Retype exactly the span of lines below from the one with "For single variable" through the one with "Welcome to my". Do not include pictures.

> _Recorded information_:
==========
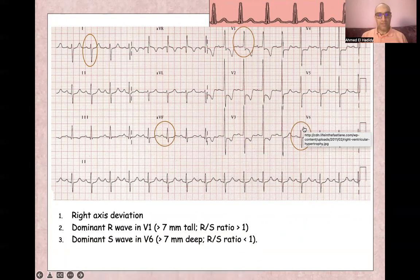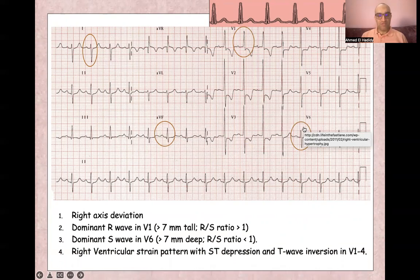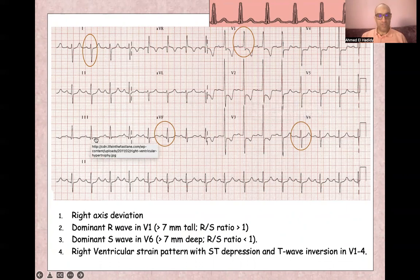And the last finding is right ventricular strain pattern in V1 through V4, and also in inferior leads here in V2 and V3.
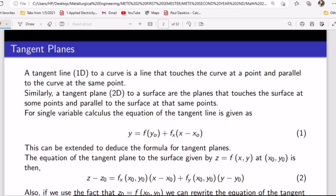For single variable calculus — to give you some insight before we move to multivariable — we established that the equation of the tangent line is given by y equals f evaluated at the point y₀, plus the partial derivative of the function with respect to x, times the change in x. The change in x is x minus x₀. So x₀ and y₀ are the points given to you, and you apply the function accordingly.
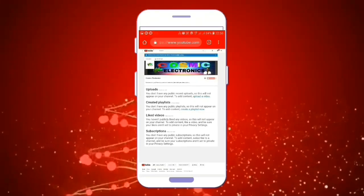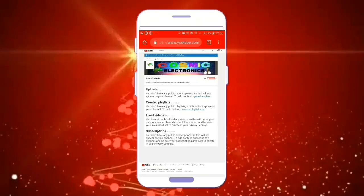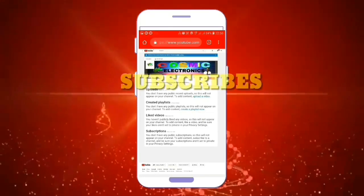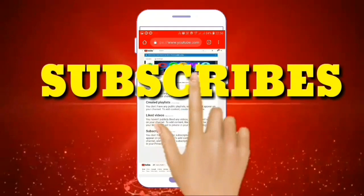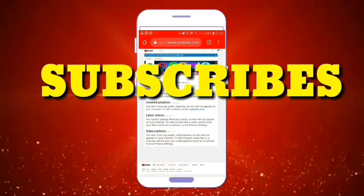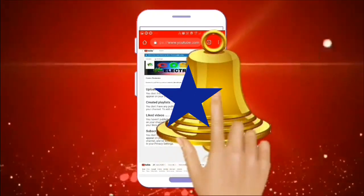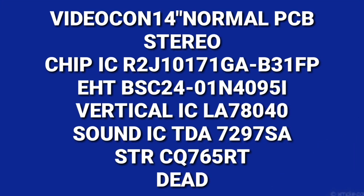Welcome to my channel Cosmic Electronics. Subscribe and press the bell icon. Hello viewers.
==========
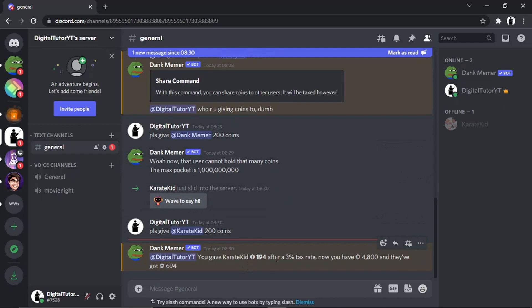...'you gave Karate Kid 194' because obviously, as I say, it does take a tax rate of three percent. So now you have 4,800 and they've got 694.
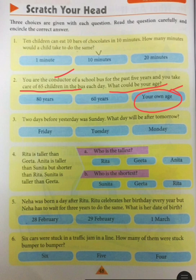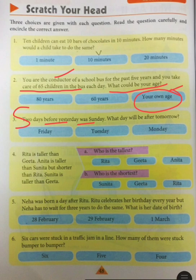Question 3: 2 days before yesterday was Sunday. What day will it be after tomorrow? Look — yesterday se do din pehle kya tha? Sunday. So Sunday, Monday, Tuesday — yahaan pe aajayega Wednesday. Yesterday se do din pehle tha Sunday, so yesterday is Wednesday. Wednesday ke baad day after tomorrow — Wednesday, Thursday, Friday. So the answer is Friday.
==========
> _Written answer_:
For single variable calculus — to give you some insight before we move to multivariable — we established that the equation of the tangent line is given by y equals f evaluated at the point y₀, plus the partial derivative of the function with respect to x, times the change in x. The change in x is x minus x₀. So x₀ and y₀ are the points given to you, and you apply the function accordingly.
Welcome to my channel Cosmic Electronics. Subscribe and press the bell icon. Hello viewers.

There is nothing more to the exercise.